## [TASK REQUIREMENTS]
Copy the lines below as they are; omit the images they contain.
=== DATA PROVIDED ===
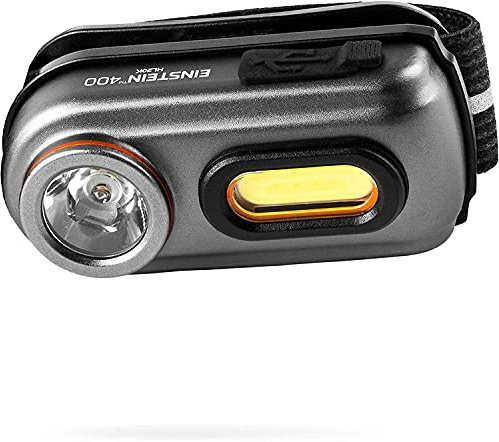 NEBO NB7003 Einstein 400 RC Headlamp Linterna Frontal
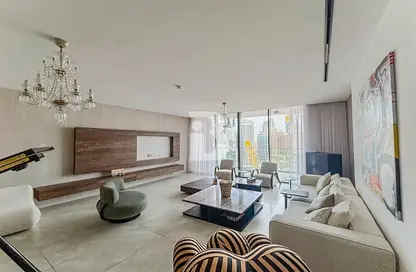 Apartment - 3 Bedrooms - 4 Bathrooms for rent in The Paragon by IGO - Business Bay - Dubai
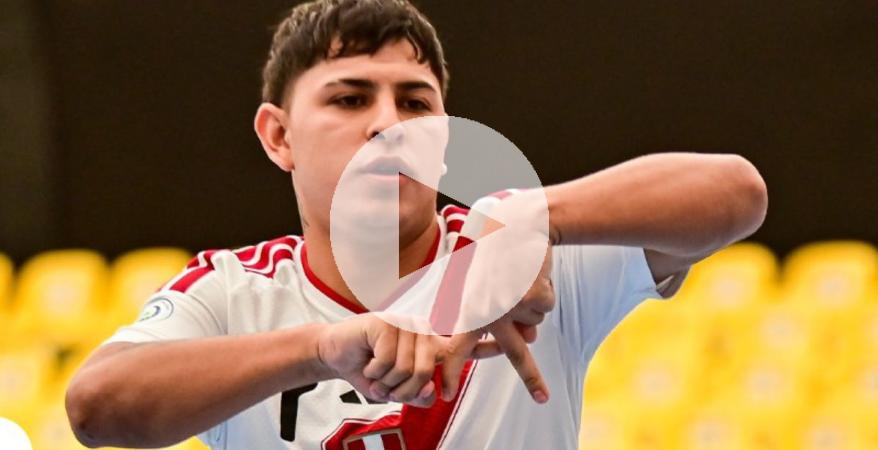 (VIDEO) Perú venció a Bolivia y finalizó noveno del Sudamericano U20 de futsal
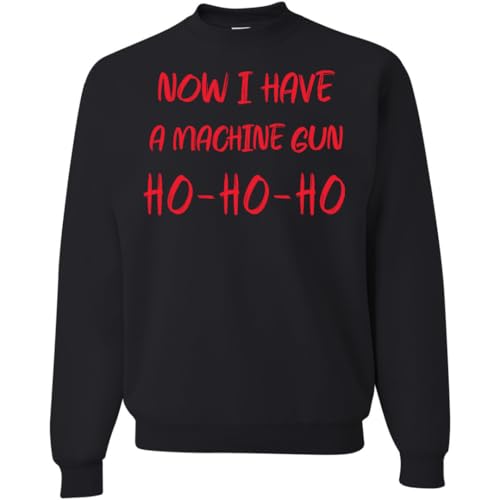 Foute Kersttrui Dames & Heren - Kersttrui met tekst Ho, Ho, Hopelijk is
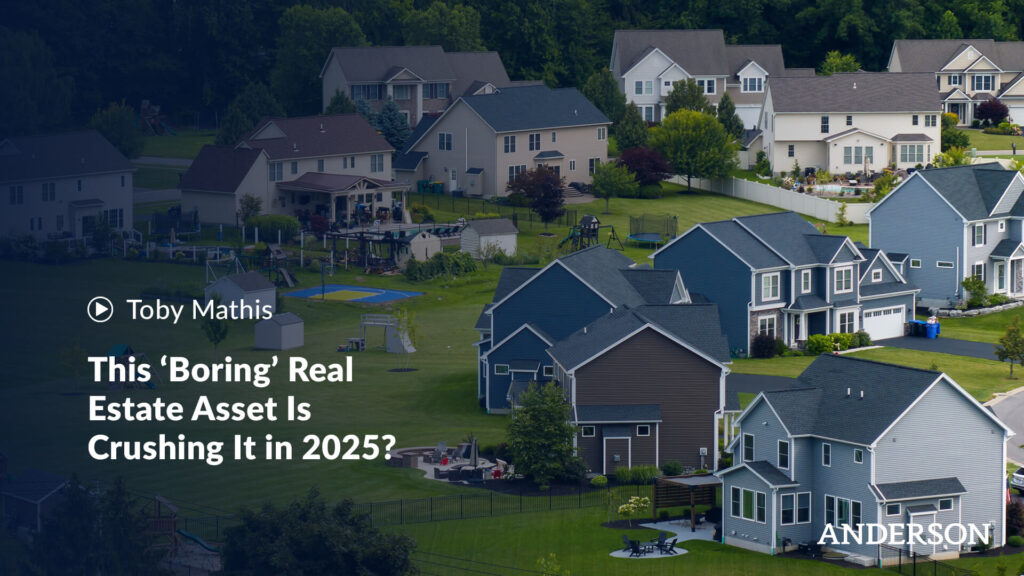 This ‘Boring’ Real Estate Asset Is Crushing It in 2025?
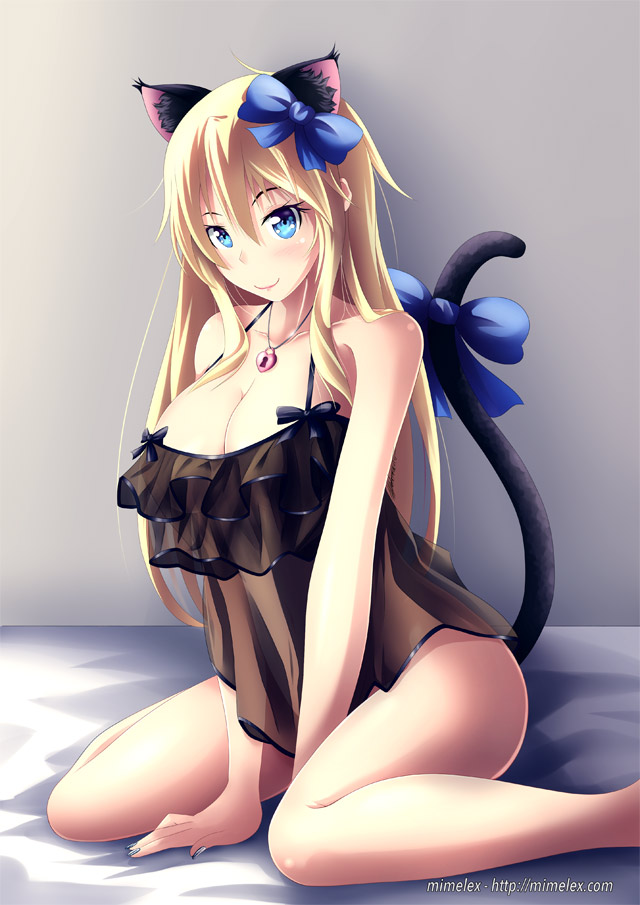 Neko-chan.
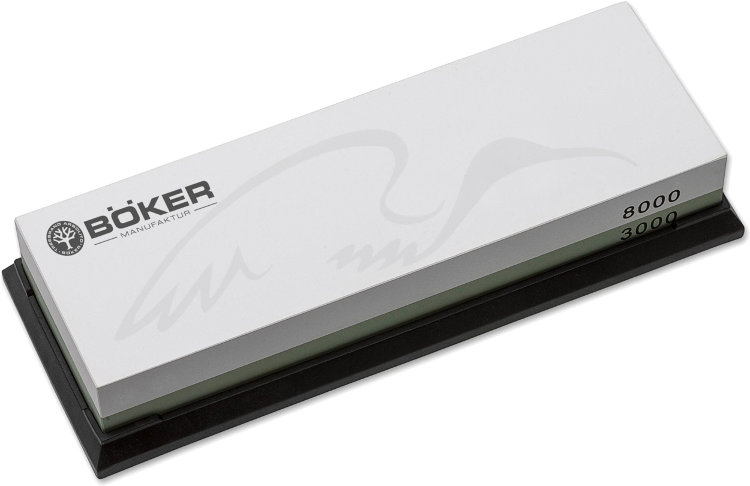 Точильный камень Boker Wasserstein. Водный. Зернистость - 3000/8000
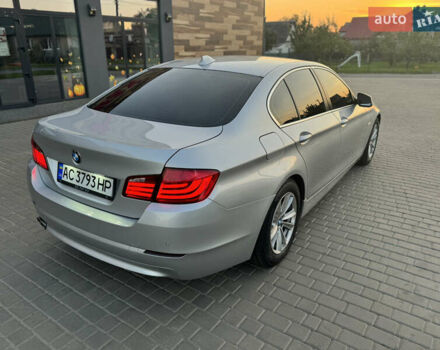 Серый БМВ 5 Серия, объемом двигателя 2.99 л и пробегом 360 тыс. км за 16900 $, фото 14 на Automoto.ua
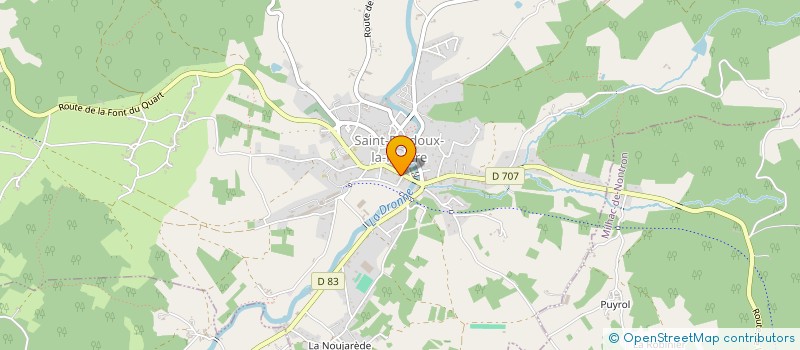 localisation de l'entreprise 791 984 131   CONDAT-SUR-TRINCOU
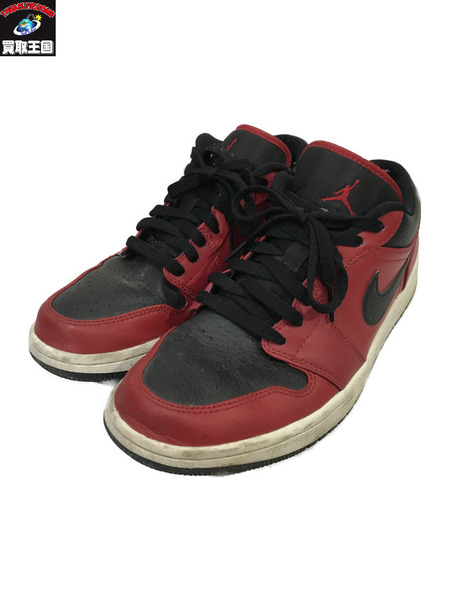 NIKE/AIR JORDAN 1/GYM RED/553558-605/27.0cm/ナイキ/エアジョーダン/スニーカー[値下]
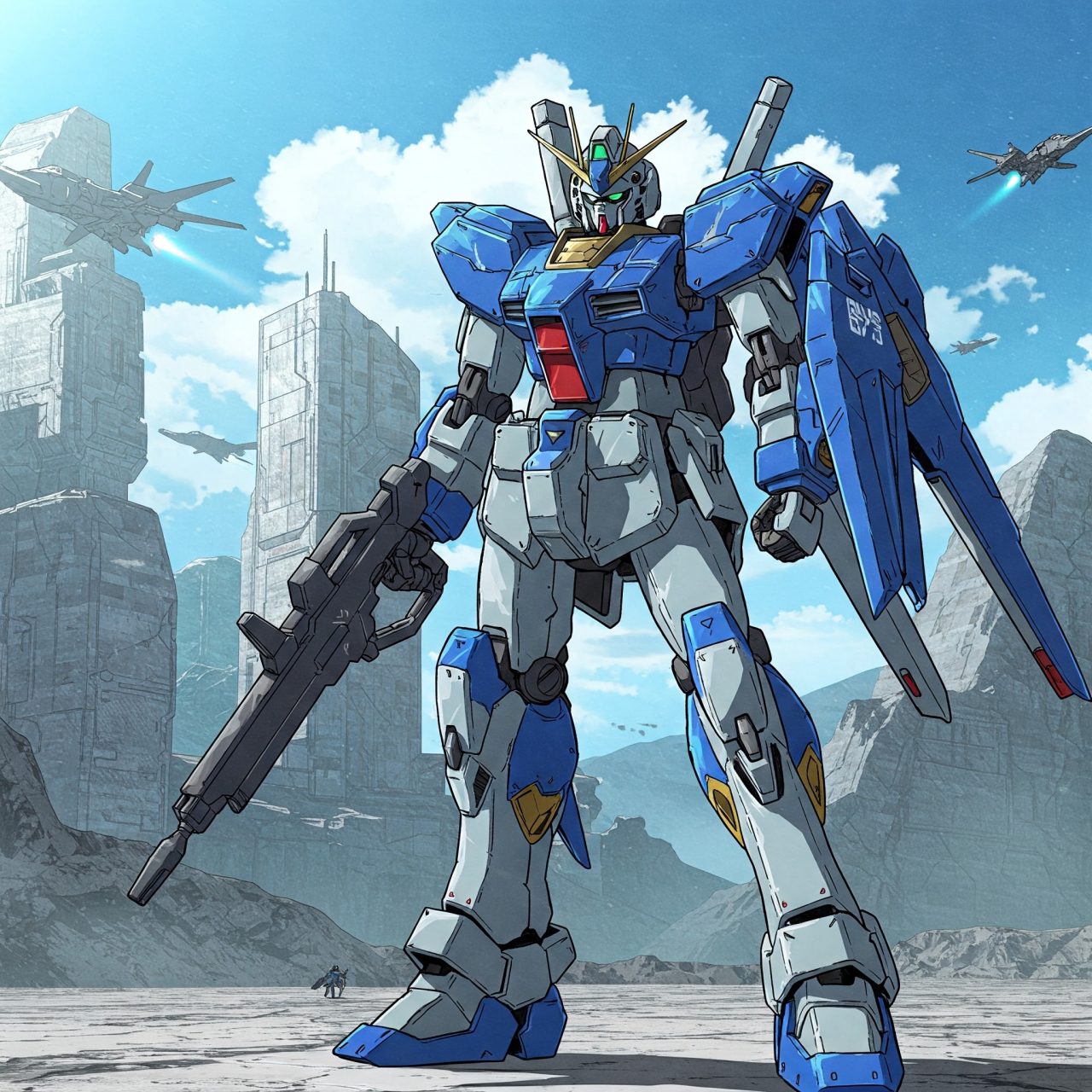 電脳遊園地イメージ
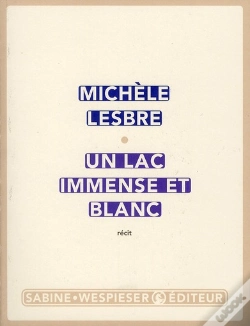 Capa do artigo Un Lac Immense Et Blanc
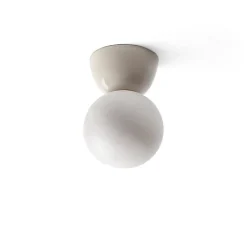 Plafonnier & Spot*Luxcambra Plafonnier, Abisal PL Mini, albâtre, , Ø12cm, H18cm - beige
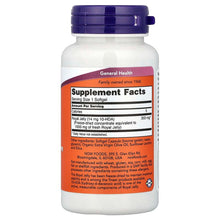 NOW Foods, Royal Jelly, 60 Softgels (303 mg per Softgel)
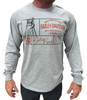 Men's Long Sleeve T-shirt - Box Icon- R004471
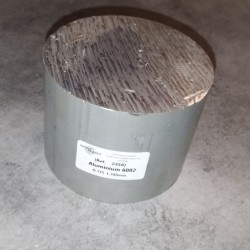 Aluminium 6082  D.135  L.100mm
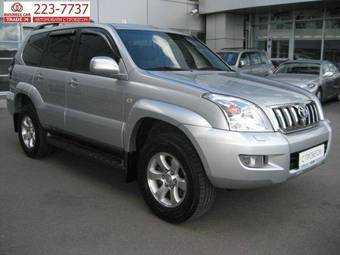 2004 Toyota Land Cruiser Prado Photos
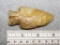 Archaic Point - 2 3/4 in. - Tan Flint - Ohio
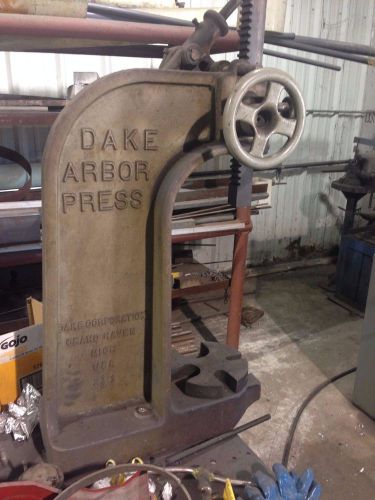 Dake arbor press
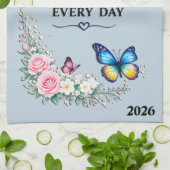 Mooi Moederdag Erkenbaar Voor Jou Theedoek (Gevouwen)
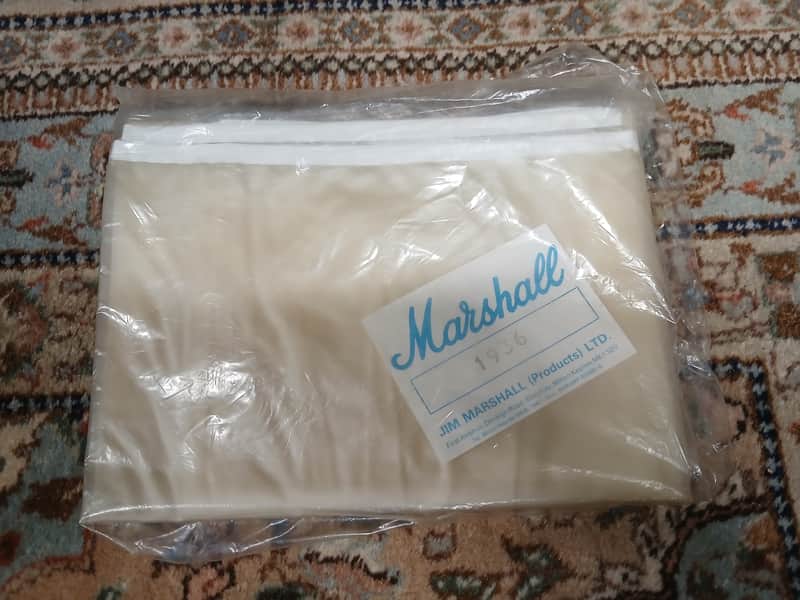 Marshall 1936 2x12 Original Dust Cover NOS 1980s image 1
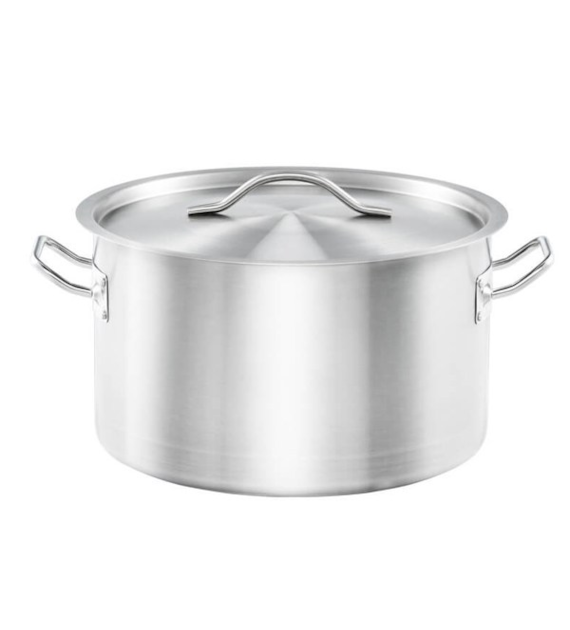 GREDIL-GARNEK ŚREDNI STALOWY 24CM/6,1L Z/P 012246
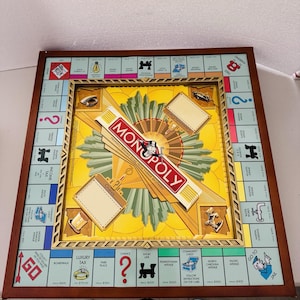 モノポリー 記念限定品 デラックスエディション Monopoly deluxe - Etsy 日本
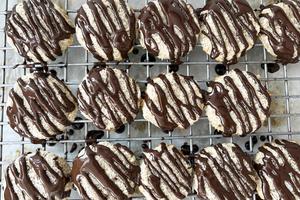 You only need two ingredients to make these yummy cookies. (Alexandra Foster/TCA)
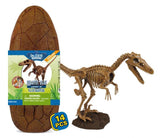 Jurassic Eggs Dino Skeletons Dr. Steve Hunter's Dinossaur Assembly Set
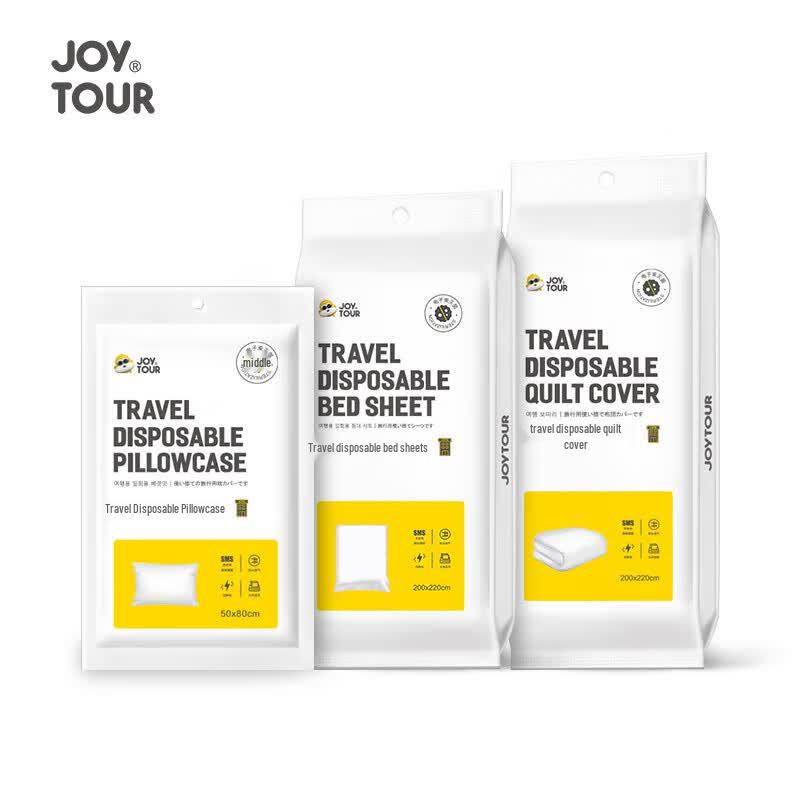 JOYTOUR Одноразовый комплект постельного белья для спального места в поезде, 3 предмета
===
## [WORKED SOLUTION]
 NEBO NB7003 Einstein 400 RC Headlamp Linterna Frontal
 Apartment - 3 Bedrooms - 4 Bathrooms for rent in The Paragon by IGO - Business Bay - Dubai
 (VIDEO) Perú venció a Bolivia y finalizó noveno del Sudamericano U20 de futsal
 Foute Kersttrui Dames & Heren - Kersttrui met tekst Ho, Ho, Hopelijk is
 This ‘Boring’ Real Estate Asset Is Crushing It in 2025?
 Neko-chan.
 Точильный камень Boker Wasserstein. Водный. Зернистость - 3000/8000
 Серый БМВ 5 Серия, объемом двигателя 2.99 л и пробегом 360 тыс. км за 16900 $, фото 14 на Automoto.ua
 localisation de l'entreprise 791 984 131   CONDAT-SUR-TRINCOU
 NIKE/AIR JORDAN 1/GYM RED/553558-605/27.0cm/ナイキ/エアジョーダン/スニーカー[値下]
 電脳遊園地イメージ
 Capa do artigo Un Lac Immense Et Blanc
 Plafonnier & Spot*Luxcambra Plafonnier, Abisal PL Mini, albâtre, , Ø12cm, H18cm - beige
 NOW Foods, Royal Jelly, 60 Softgels (303 mg per Softgel)
 Men's Long Sleeve T-shirt - Box Icon- R004471
 Aluminium 6082  D.135  L.100mm
 2004 Toyota Land Cruiser Prado Photos
 Archaic Point - 2 3/4 in. - Tan Flint - Ohio
 Dake arbor press
 Mooi Moederdag Erkenbaar Voor Jou Theedoek (Gevouwen)
 Marshall 1936 2x12 Original Dust Cover NOS 1980s image 1
 GREDIL-GARNEK ŚREDNI STALOWY 24CM/6,1L Z/P 012246
 モノポリー 記念限定品 デラックスエディション Monopoly deluxe - Etsy 日本
 You only need two ingredients to make these yummy cookies. (Alexandra Foster/TCA)
 Jurassic Eggs Dino Skeletons Dr. Steve Hunter's Dinossaur Assembly Set
 JOYTOUR Одноразовый комплект постельного белья для спального места в поезде, 3 предмета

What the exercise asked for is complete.